The Garden Futures exhibition at the Vitra Design Museum is dedicated to finding answers to questions about where today’s gardening ideals come from and whether gardens will lead to a better future for all. To do this, they used a wide range of examples from design, everyday culture, and landscape architecture – from sun loungers to vertical urban farms, from modern community gardens to residential buildings and gardens of designers and artists, including Roberto Burle Marx, Mien Ruys, and Derek Jarman. The architectural concept of the exhibition was developed by the Italian design duo Formafantasma, dividing the space into several parts.
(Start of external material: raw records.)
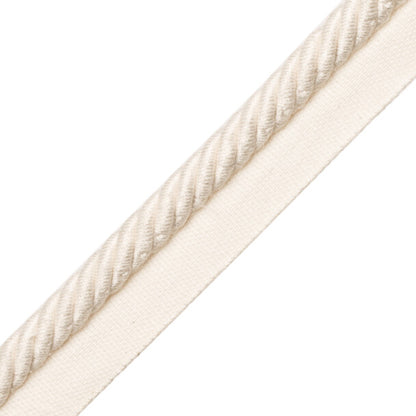 1/2" Au Naturel Cord W/Tape Trim by Samuel & Sons in Natural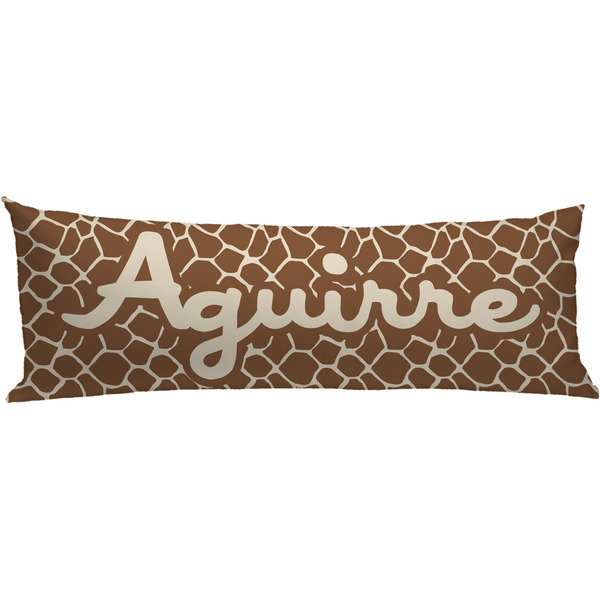 Custom Giraffe Print Body Pillow Case (Personalized)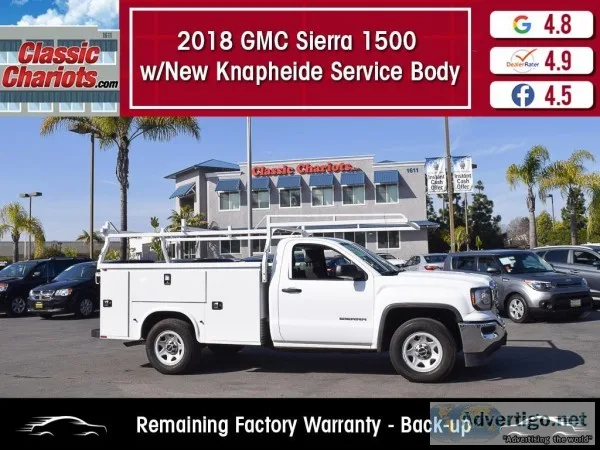 Used 2018 GMC Sierra 1500 wNew Knapheide Service Body for Sale i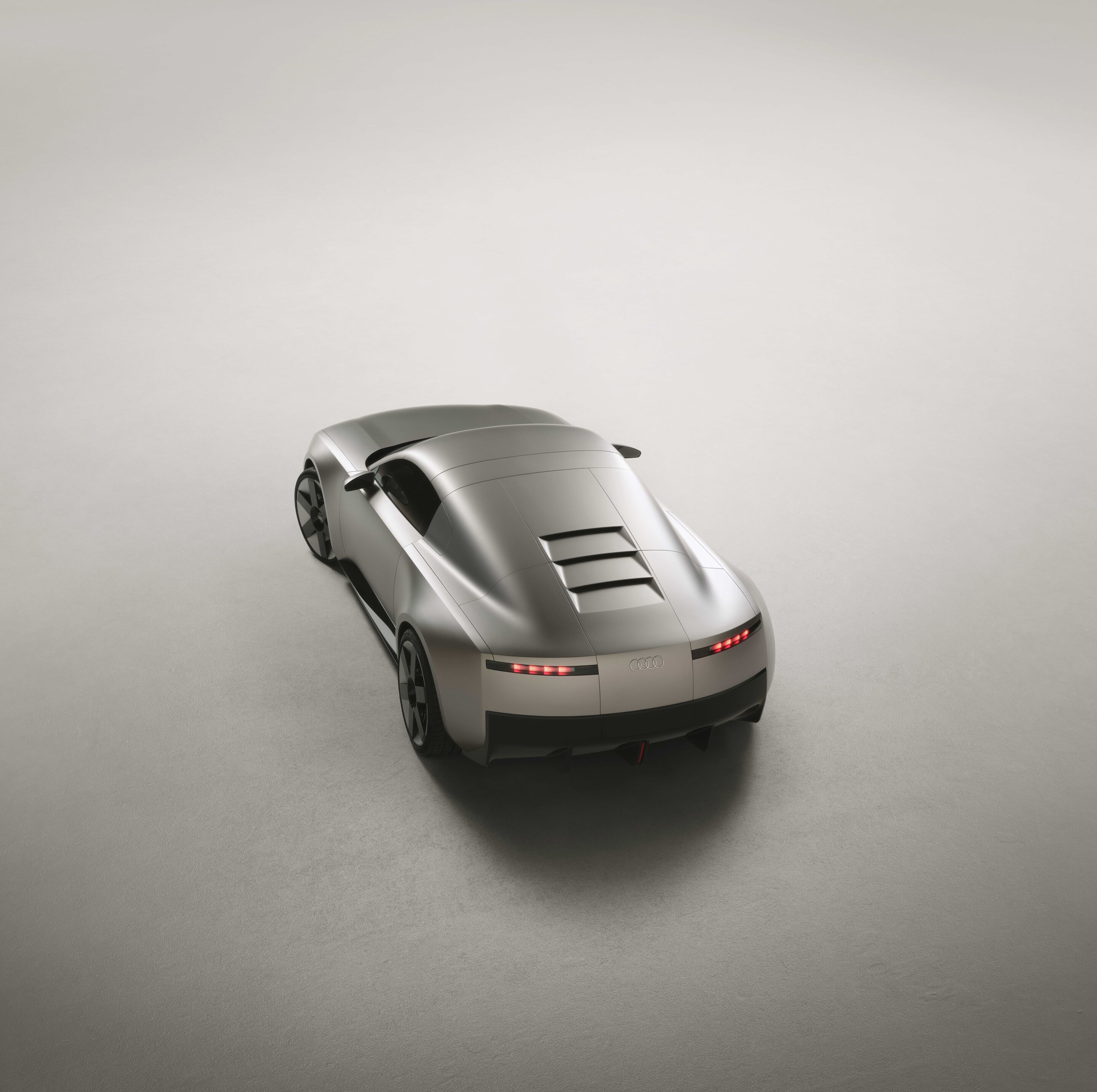 Audi Concept C - Static studio shot, exterior, rear three-quarter view, top-down perspective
Wherever people create a garden, its layout and design say a lot about how they relate to nature. The works of such artists and architects as Hans Thoma, Georg Gerster, Athanasius Kircher, Gabriel Gevrekian, Barbara Stauffacher Solomon, Alvar Aalto, Thomas Church, Vita Sackville-West, and Louis Barragan are cited in support of this. These projects are presented as a media installation at the beginning of the exhibition and depict the garden as an idealized space, “a place where the immediate practical function is easily combined with deep symbolic, philosophical or even religious significance.”
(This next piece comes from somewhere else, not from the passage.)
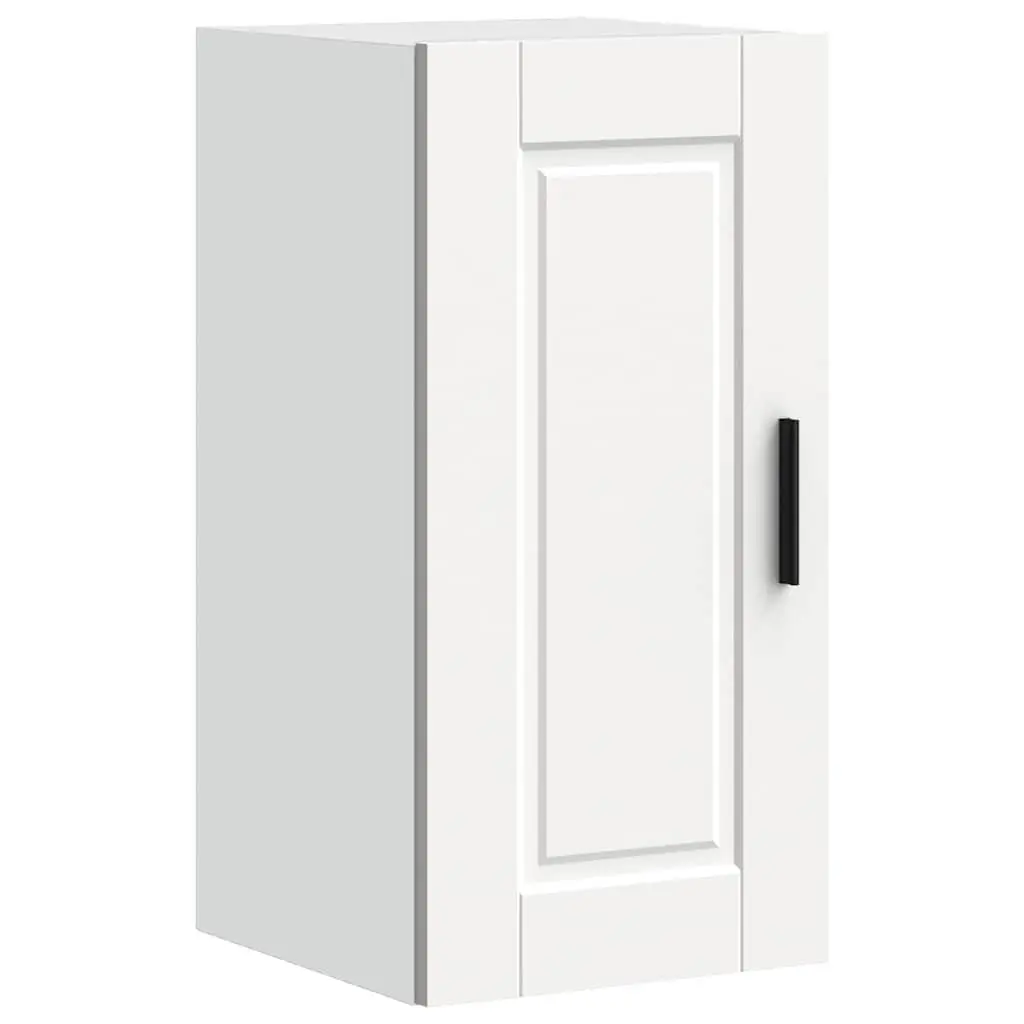 Kitchen Wall Cabinet White Engineered Wood Storage Cupboard Mounted Organizer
The second part of the exhibition shows that the garden is a reflection of social and historical development, political and commercial interests, and cultural value systems. Many of the plants that form the basis of Western gardens are closely related to the colonial period. Invented in the 19th century, Ward’s box made it possible to ship live plants around the world. This had a significant impact on private gardens, as well as promoting the spread of plants such as tea or rubber, and was central to breaking down monopolies, bringing huge benefits to the colonial powers.
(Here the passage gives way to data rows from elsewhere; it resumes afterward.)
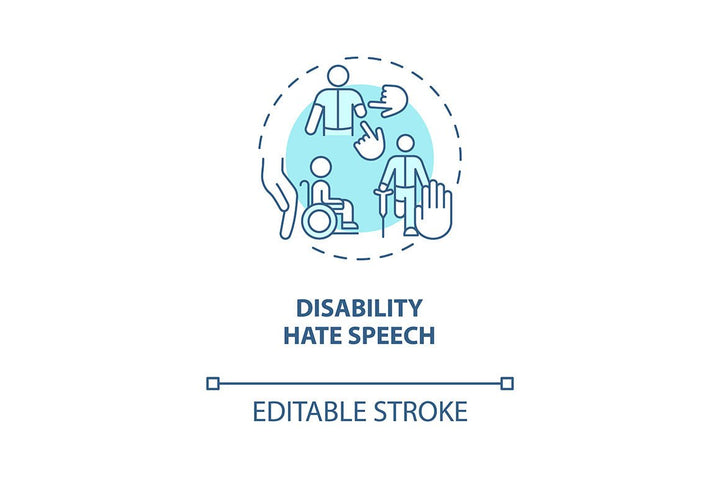 Hate speech concept icons bundle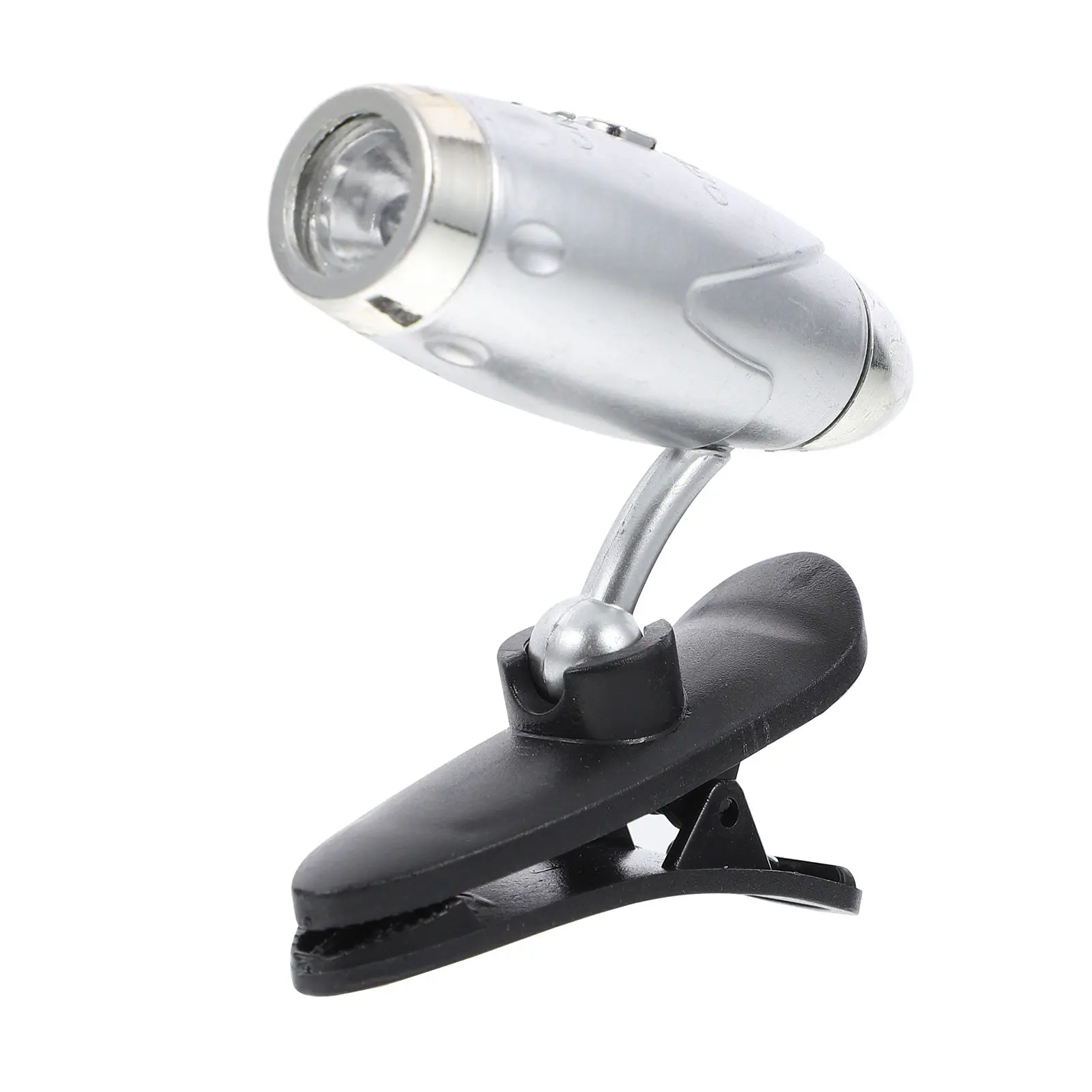 

On On Lamp Silver Book Mini Clip For Reading Powered Portable Reading Light For Bed Book Clip Light
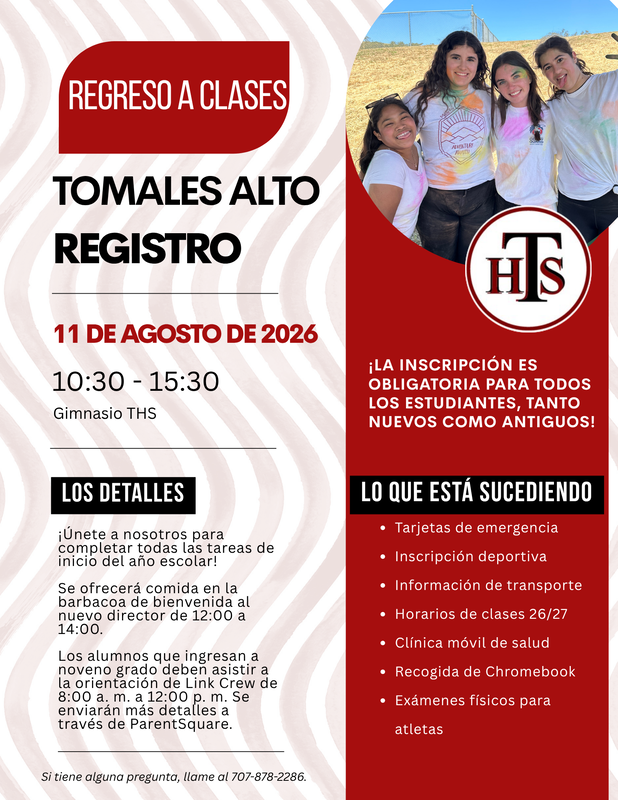 BTS reg flyer in spanish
The 19th century saw the emergence of many urban planning concepts that sought to reconcile the city and the garden. In 1898, British social reformer Ebenezer Howard published his description of a garden city whose inhabitants could grow their own food.

The Green Guerrillas group, co-founded by Liz Christie, in turn, saw the garden as a place to discuss social justice and community participation. The group formed in the 1970s, but the questions raised by her and her predecessors are still the subject of much debate: who owns the garden, what is the garden for, and how can gardens be integrated into the urban environment?

The third part of the exhibition introduces visitors to innovative gardeners of the 20th and 21st centuries. The Brazilian landscape architect Roberto Burle Marx (1909–1994) received international recognition for his contributions to the study of Amazonian plants. Pete Oudolf’s botanical compositions are attractive all year round, while writer and gardener Jamaica Kincaid looks at colonial history, repression, and cultural appropriation through her garden in Vermont, USA. Artist and filmmaker Derek Jarman (1942–1994) created his piece of garden art in a place where it hardly seemed possible, among hostile pebbles on the coast of Kent in England, next to a nuclear power plant.

The Kuala Lumpur Community Garden, co-founded by Malaysian landscape architect Ng Sek San, exemplifies numerous community initiatives. The Liao Garden, designed by Chinese artist Zheng Guogu, draws on the aesthetics of the computer game Age of Empires and thus creates a bridge between virtual and real environments.

The final section looks at contemporary designs for the future of gardens. One of the central works is a textile “meadow” created especially for this exhibition by the Argentine artist Alexandra Kehayoglu. This work is a reminder of the problems associated with climate change. The authors of the exhibition believe that in the era of the Anthropocene, the message of this and similar projects is “the entire planet becomes a garden that we must cultivate, care for and use responsibly.”